*Work order*
Your answer must consist of the records below, reproduced exactly, with every picture removed.

Data excerpts
▬▬▬
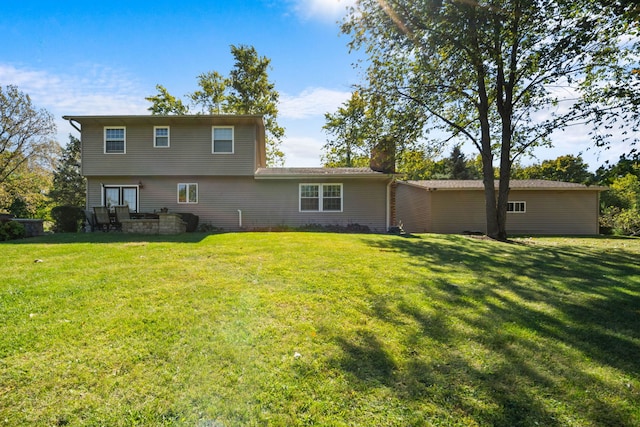 rear view of house featuring a yard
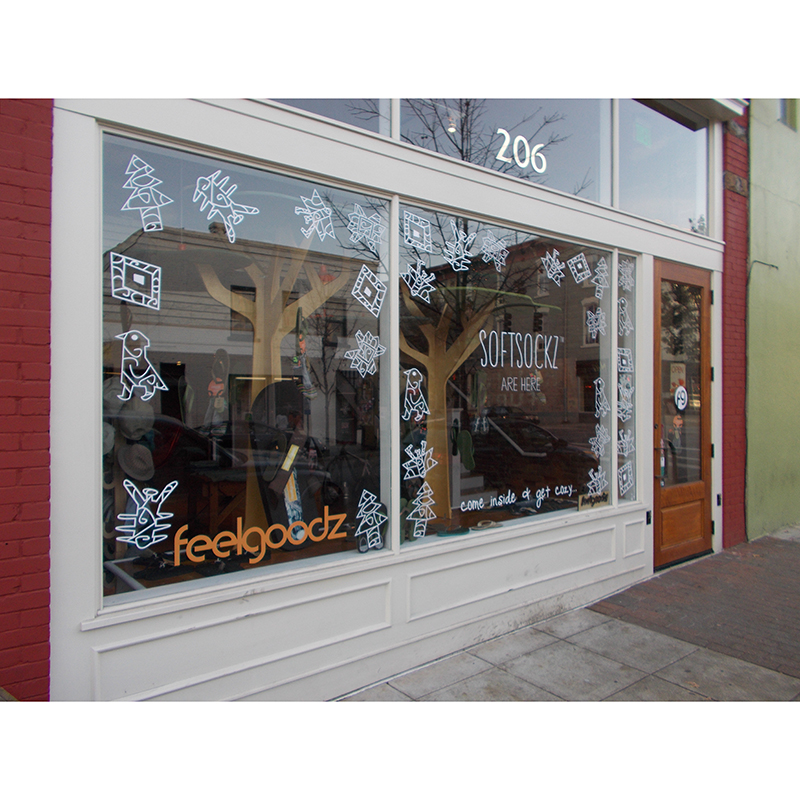 Storefront window lettering and logo graphics for Feelgoodz, Raleigh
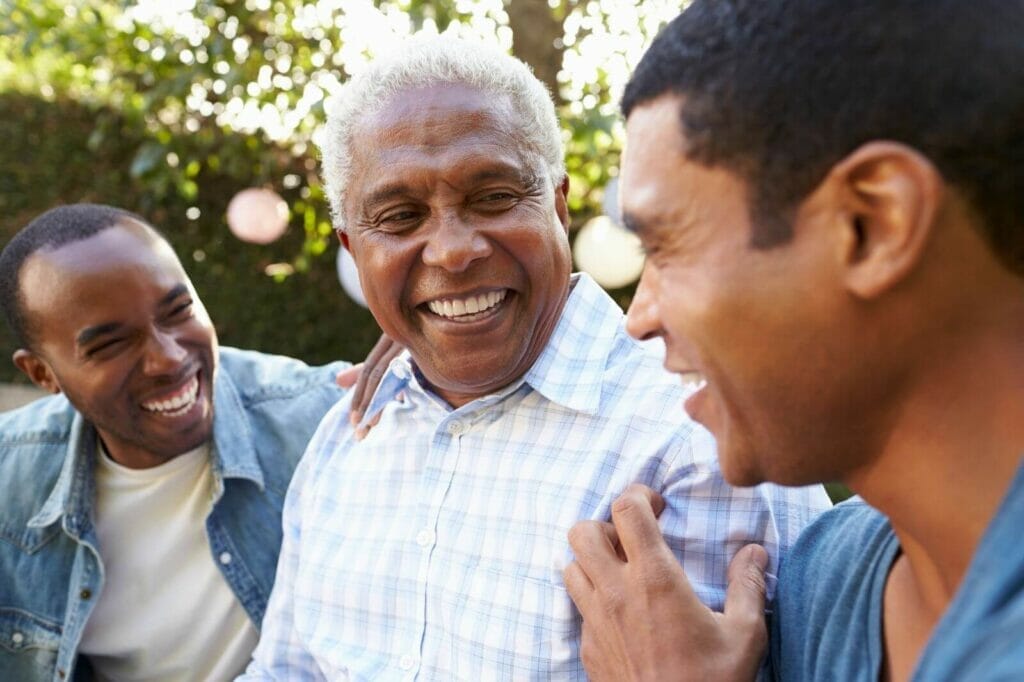 An older adult man sits between two younger men. They all smile.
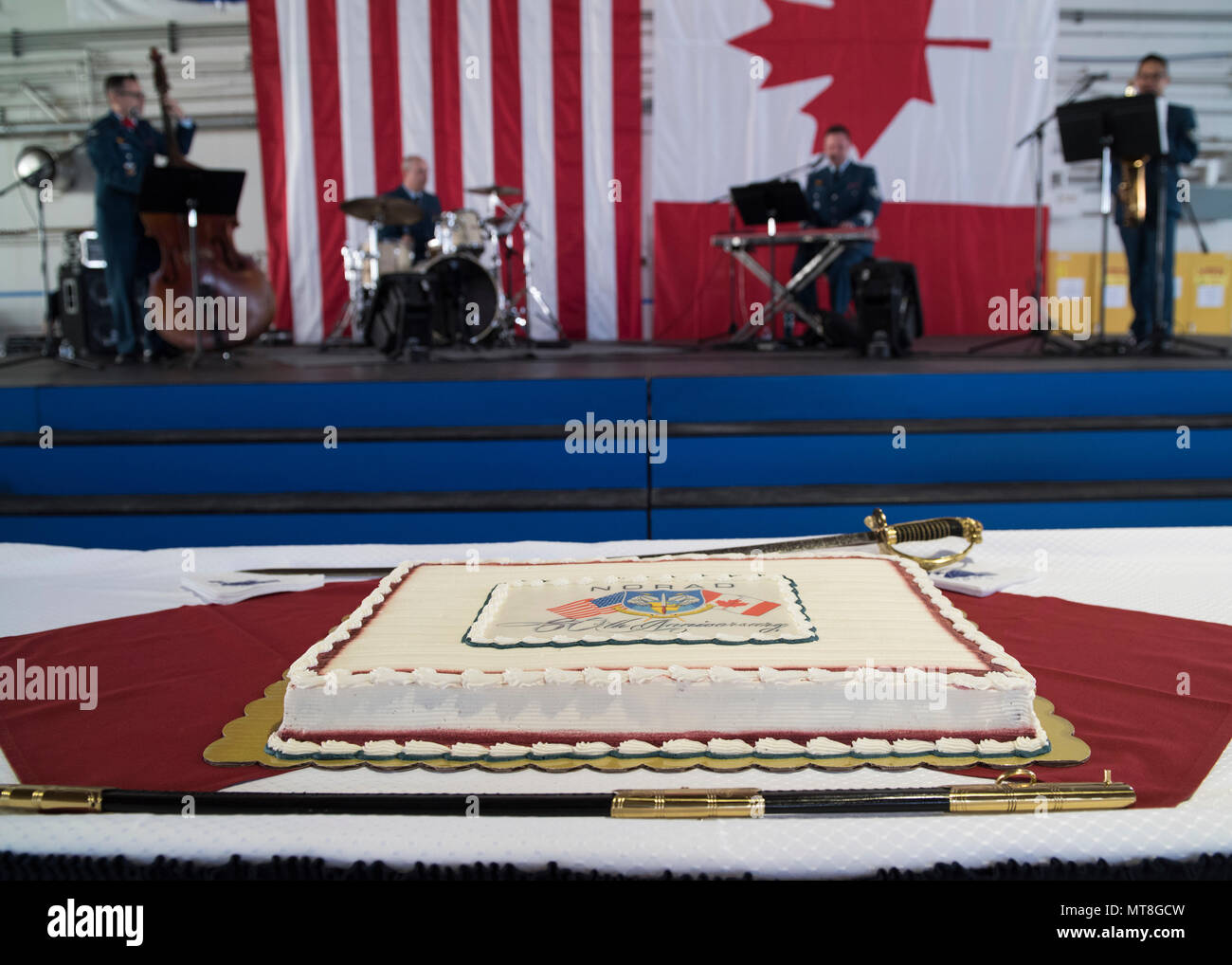 A celebratory cake is displayed during the North American Aerospace Defense Command's 60th Anniversary Ceremony on Peterson Air Force Base Colorado, May 12, 2018. The ceremony and static display of various NORAD aircraft was the culmination of a three-day event, which included a media tour of Cheyenne Mountain Air Force Station, the dedication of a cairn outside the commands' headquarters building memorializing the Canadians who have passed away while serving NORAD, and a fly over in missing-man formation performed by the Royal Canadian Air Force's Snowbirds aerial demonstration team. (DoD pho Stock Photo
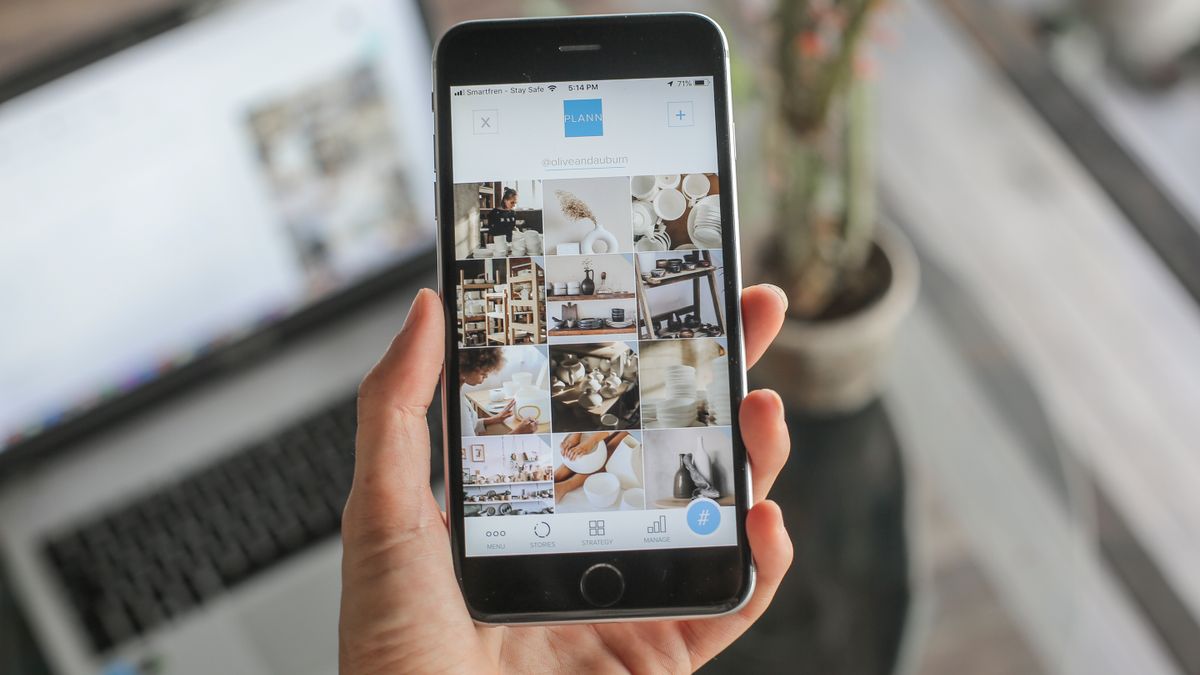 Close-up of a woman using a social media app on a smartphone indoors, showcasing technology in daily life.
▬▬▬
*Result of this exercise*
 rear view of house featuring a yard
 Storefront window lettering and logo graphics for Feelgoodz, Raleigh
 An older adult man sits between two younger men. They all smile.
 A celebratory cake is displayed during the North American Aerospace Defense Command's 60th Anniversary Ceremony on Peterson Air Force Base Colorado, May 12, 2018. The ceremony and static display of various NORAD aircraft was the culmination of a three-day event, which included a media tour of Cheyenne Mountain Air Force Station, the dedication of a cairn outside the commands' headquarters building memorializing the Canadians who have passed away while serving NORAD, and a fly over in missing-man formation performed by the Royal Canadian Air Force's Snowbirds aerial demonstration team. (DoD pho Stock Photo
 Close-up of a woman using a social media app on a smartphone indoors, showcasing technology in daily life.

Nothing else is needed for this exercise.